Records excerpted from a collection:
........

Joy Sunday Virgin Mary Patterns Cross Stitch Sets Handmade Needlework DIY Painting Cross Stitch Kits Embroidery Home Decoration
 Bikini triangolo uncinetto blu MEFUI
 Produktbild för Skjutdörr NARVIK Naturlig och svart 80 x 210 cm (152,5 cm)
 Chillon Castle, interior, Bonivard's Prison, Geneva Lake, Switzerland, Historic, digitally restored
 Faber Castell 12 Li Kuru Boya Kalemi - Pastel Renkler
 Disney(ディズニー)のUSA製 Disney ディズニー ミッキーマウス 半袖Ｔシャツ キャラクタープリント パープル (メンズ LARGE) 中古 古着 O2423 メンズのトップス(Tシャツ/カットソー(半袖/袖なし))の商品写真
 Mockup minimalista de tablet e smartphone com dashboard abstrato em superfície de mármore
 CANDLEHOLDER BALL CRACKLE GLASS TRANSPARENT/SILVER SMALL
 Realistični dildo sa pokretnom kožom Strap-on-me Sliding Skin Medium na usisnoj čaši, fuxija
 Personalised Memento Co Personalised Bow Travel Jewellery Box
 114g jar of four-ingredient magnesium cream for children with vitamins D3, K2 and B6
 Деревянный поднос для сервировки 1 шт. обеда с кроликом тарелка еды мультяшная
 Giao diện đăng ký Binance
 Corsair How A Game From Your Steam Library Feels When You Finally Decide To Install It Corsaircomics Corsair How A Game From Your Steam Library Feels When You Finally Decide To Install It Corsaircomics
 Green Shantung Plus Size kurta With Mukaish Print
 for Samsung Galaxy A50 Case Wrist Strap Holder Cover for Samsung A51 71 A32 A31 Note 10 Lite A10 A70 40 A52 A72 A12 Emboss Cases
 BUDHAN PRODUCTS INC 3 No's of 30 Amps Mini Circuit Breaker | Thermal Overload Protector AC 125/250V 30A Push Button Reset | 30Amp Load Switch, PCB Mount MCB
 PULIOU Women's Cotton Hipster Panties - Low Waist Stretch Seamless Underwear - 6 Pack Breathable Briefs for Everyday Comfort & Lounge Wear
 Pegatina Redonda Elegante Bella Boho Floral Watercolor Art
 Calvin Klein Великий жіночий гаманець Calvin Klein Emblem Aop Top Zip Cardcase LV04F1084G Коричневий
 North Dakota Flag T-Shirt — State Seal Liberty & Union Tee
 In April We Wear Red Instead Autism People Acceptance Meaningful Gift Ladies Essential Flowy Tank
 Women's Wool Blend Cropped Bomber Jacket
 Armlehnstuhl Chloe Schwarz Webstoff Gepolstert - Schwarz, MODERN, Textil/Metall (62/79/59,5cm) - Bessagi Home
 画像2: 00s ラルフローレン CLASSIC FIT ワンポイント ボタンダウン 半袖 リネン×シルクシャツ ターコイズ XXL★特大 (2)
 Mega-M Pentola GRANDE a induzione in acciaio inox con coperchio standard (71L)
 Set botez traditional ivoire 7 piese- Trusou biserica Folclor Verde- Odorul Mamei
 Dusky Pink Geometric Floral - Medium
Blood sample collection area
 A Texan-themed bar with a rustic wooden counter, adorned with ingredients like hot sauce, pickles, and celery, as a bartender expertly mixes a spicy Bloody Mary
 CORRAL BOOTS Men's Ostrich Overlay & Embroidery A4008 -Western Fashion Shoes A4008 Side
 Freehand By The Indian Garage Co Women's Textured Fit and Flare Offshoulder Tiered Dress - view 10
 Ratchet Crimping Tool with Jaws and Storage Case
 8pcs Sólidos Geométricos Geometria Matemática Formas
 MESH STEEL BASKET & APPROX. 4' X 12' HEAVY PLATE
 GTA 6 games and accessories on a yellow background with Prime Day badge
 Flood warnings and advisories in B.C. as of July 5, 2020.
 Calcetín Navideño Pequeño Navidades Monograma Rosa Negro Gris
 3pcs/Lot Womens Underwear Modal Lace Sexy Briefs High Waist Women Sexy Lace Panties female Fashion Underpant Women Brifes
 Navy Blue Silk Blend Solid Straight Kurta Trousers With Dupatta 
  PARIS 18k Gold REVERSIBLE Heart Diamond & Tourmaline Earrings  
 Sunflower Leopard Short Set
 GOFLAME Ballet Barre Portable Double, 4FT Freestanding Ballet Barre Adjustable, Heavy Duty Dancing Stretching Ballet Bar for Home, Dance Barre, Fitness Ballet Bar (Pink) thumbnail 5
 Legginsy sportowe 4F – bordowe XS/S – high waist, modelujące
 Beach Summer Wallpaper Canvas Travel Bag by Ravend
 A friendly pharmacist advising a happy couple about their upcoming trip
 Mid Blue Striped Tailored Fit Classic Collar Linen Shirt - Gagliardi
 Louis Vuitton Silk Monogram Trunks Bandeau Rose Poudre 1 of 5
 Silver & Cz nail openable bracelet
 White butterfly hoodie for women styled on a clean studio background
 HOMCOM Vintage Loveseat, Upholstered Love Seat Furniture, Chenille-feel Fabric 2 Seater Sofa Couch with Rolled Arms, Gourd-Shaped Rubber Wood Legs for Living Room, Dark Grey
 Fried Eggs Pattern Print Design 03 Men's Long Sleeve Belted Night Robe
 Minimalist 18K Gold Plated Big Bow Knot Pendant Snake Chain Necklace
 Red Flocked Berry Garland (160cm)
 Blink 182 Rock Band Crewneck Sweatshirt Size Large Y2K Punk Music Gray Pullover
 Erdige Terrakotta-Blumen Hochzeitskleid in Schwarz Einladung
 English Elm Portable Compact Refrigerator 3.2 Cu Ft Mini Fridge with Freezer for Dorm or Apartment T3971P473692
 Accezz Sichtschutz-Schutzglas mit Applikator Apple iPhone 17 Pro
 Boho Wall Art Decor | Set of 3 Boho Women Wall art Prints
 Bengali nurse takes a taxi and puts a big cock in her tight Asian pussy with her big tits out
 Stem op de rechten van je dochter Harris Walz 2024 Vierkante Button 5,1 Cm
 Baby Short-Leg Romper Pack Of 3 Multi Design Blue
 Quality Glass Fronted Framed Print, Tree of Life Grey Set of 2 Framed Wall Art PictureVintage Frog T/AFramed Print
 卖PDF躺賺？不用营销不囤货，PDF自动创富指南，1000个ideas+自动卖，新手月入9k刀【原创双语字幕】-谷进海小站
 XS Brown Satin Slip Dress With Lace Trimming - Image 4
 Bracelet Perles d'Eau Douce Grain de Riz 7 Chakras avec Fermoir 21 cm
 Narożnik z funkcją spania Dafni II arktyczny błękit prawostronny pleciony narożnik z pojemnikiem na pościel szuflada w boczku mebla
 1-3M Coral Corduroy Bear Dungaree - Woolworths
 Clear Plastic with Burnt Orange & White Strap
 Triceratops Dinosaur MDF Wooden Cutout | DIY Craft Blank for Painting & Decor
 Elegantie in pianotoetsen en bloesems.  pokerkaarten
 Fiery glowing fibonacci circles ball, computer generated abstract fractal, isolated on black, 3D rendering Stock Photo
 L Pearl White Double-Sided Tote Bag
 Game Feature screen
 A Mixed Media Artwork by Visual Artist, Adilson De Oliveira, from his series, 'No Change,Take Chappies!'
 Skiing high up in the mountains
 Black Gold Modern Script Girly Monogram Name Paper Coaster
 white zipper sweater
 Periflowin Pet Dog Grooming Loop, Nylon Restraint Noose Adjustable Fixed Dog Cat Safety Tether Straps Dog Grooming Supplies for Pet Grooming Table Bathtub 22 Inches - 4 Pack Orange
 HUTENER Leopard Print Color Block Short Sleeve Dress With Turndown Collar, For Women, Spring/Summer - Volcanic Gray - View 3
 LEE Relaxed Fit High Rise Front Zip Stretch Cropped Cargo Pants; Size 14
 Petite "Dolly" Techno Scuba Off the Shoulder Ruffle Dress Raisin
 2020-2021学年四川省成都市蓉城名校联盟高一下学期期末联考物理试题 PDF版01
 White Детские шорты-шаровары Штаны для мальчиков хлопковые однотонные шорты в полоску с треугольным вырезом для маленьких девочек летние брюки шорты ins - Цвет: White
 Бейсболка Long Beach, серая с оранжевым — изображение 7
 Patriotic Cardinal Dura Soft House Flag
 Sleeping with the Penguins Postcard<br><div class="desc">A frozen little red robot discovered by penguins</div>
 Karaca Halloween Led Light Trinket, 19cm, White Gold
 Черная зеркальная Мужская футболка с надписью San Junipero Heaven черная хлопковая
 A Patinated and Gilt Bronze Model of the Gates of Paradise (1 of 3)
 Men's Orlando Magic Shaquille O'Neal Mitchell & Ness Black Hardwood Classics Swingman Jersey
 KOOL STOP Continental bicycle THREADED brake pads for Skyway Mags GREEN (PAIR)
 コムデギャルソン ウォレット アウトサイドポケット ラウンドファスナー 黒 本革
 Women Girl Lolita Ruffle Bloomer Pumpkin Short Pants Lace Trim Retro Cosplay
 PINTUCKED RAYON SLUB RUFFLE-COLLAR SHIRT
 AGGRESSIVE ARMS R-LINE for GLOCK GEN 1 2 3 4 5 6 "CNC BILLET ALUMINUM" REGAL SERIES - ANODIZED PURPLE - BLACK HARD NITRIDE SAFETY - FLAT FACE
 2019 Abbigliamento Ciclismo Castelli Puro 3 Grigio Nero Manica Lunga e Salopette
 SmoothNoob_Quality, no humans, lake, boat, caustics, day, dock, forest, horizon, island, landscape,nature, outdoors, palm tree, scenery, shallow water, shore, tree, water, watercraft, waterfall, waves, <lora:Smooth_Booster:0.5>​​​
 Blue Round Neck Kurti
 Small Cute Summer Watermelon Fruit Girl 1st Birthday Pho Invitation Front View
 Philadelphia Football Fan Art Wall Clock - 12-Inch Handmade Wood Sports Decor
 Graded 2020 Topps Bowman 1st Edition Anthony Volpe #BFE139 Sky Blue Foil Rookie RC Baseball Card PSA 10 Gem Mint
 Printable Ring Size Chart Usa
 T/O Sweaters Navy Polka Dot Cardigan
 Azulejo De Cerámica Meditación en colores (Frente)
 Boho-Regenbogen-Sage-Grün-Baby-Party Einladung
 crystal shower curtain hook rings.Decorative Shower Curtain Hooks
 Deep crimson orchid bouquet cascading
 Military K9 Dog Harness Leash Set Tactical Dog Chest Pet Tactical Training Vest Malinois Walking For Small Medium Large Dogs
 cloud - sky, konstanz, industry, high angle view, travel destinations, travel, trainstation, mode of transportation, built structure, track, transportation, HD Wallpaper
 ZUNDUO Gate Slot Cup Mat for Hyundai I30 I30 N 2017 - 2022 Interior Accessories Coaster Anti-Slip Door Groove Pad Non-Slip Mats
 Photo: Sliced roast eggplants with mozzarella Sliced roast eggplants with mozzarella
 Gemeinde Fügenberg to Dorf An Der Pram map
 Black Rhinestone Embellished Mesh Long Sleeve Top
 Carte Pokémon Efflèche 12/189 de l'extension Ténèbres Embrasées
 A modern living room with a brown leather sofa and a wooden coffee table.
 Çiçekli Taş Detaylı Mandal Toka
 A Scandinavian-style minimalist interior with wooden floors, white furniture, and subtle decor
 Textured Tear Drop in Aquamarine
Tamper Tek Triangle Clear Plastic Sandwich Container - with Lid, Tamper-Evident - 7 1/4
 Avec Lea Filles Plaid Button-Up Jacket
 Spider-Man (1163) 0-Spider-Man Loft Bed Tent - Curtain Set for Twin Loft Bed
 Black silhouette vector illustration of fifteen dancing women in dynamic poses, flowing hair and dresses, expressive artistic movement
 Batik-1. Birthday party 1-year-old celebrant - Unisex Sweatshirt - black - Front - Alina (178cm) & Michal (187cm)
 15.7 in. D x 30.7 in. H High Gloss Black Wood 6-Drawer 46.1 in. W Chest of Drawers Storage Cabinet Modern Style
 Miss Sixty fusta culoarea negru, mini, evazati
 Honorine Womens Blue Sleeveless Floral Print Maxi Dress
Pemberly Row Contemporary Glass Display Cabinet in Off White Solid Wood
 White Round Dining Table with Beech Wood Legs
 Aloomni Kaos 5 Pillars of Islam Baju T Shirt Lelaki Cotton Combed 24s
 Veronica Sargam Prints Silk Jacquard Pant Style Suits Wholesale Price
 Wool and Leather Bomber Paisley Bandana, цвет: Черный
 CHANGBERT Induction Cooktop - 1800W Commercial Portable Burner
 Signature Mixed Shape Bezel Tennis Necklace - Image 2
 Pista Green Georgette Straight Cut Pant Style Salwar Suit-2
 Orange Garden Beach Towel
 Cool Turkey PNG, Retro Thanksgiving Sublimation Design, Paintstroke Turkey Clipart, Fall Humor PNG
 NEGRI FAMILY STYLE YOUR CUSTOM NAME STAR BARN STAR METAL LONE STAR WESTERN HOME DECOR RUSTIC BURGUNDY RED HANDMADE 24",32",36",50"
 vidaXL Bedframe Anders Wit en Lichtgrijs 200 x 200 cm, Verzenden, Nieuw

........

Task goal:
Every line above from the line with "Narożnik z funkcją" to the line with "Бейсболка Long Beach, серая", both included, must be reproduced exactly, and no other line may appear.

Expected answer:
 Narożnik z funkcją spania Dafni II arktyczny błękit prawostronny pleciony narożnik z pojemnikiem na pościel szuflada w boczku mebla
 1-3M Coral Corduroy Bear Dungaree - Woolworths
 Clear Plastic with Burnt Orange & White Strap
 Triceratops Dinosaur MDF Wooden Cutout | DIY Craft Blank for Painting & Decor
 Elegantie in pianotoetsen en bloesems.  pokerkaarten
 Fiery glowing fibonacci circles ball, computer generated abstract fractal, isolated on black, 3D rendering Stock Photo
 L Pearl White Double-Sided Tote Bag
 Game Feature screen
 A Mixed Media Artwork by Visual Artist, Adilson De Oliveira, from his series, 'No Change,Take Chappies!'
 Skiing high up in the mountains
 Black Gold Modern Script Girly Monogram Name Paper Coaster
 white zipper sweater
 Periflowin Pet Dog Grooming Loop, Nylon Restraint Noose Adjustable Fixed Dog Cat Safety Tether Straps Dog Grooming Supplies for Pet Grooming Table Bathtub 22 Inches - 4 Pack Orange
 HUTENER Leopard Print Color Block Short Sleeve Dress With Turndown Collar, For Women, Spring/Summer - Volcanic Gray - View 3
 LEE Relaxed Fit High Rise Front Zip Stretch Cropped Cargo Pants; Size 14
 Petite "Dolly" Techno Scuba Off the Shoulder Ruffle Dress Raisin
 2020-2021学年四川省成都市蓉城名校联盟高一下学期期末联考物理试题 PDF版01
 White Детские шорты-шаровары Штаны для мальчиков хлопковые однотонные шорты в полоску с треугольным вырезом для маленьких девочек летние брюки шорты ins - Цвет: White
 Бейсболка Long Beach, серая с оранжевым — изображение 7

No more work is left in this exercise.